As fascinating as it is to say this, I was always something of a Bill Clinton fan. He pushed free trade, NATO expansion, welfare reform and (a lot of the time) smaller government. He was possibly better on trade than either Bush, and while Clinton gets far too much credit for the economic prosperity of the decade (“I don’t know if I can give the private sector THAT much credit…maybe I could give them half that?”), free trade played an important part. As easy as it’s been for media types to throw around Depression-related bilge to strike a chord, we need only look at the facts to determine that closing up international trade links during a recession can only hurt our medium and long-term recovery prospects.
NATO expansion is not much of an issue anymore, but it represented the more responsible aspects of Clinton’s foreign policy. Perhaps Mr. Obama can carve out his own niche by following through on Central European missile defense. Clinton’s welfare reform was the most significant and successful social policy reform of a generation. Affecting incentives the wrong way this time around when dealing with the struggling housing market would be an enormous step back. And whether or not Mr. Clinton truly believed in it, it’s remarkable to think of a Democrat simply telling us that limited government, as a matter of philosophy, is a respectable answer.

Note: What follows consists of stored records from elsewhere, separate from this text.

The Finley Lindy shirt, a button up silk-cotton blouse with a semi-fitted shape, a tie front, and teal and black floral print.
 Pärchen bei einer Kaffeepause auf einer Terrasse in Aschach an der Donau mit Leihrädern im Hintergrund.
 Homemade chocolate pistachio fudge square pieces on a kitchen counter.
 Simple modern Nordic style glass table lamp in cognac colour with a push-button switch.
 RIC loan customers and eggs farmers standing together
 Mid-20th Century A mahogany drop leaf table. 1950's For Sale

One of our readers and former high school classmates argued throughout the campaign season that Obama’s anti-trade, big government rhetoric was mere posturing. Excuse me if we were uncomfortable with the idea of relying upon a candidate’s dishonesty for our economic salvation. The same goes for Iraq, security and comprehensive tax policy. If Bill Clinton was a moderate who sometimes talked like a liberal, I’m afraid that Obama and his advisors are liberals talking like moderates. And then sometimes, like on Tuesday, Obama talks like a liberal. That’s okay if it’s a lie, as long as the markets don’t react too poorly to diminished future expectations.
Given the recent stimulus bill and the mortgage cram down legislation working its way through Congress, how soon can we realistically expect those things we actually liked about the Clinton years to make their way back into the Democratic fold?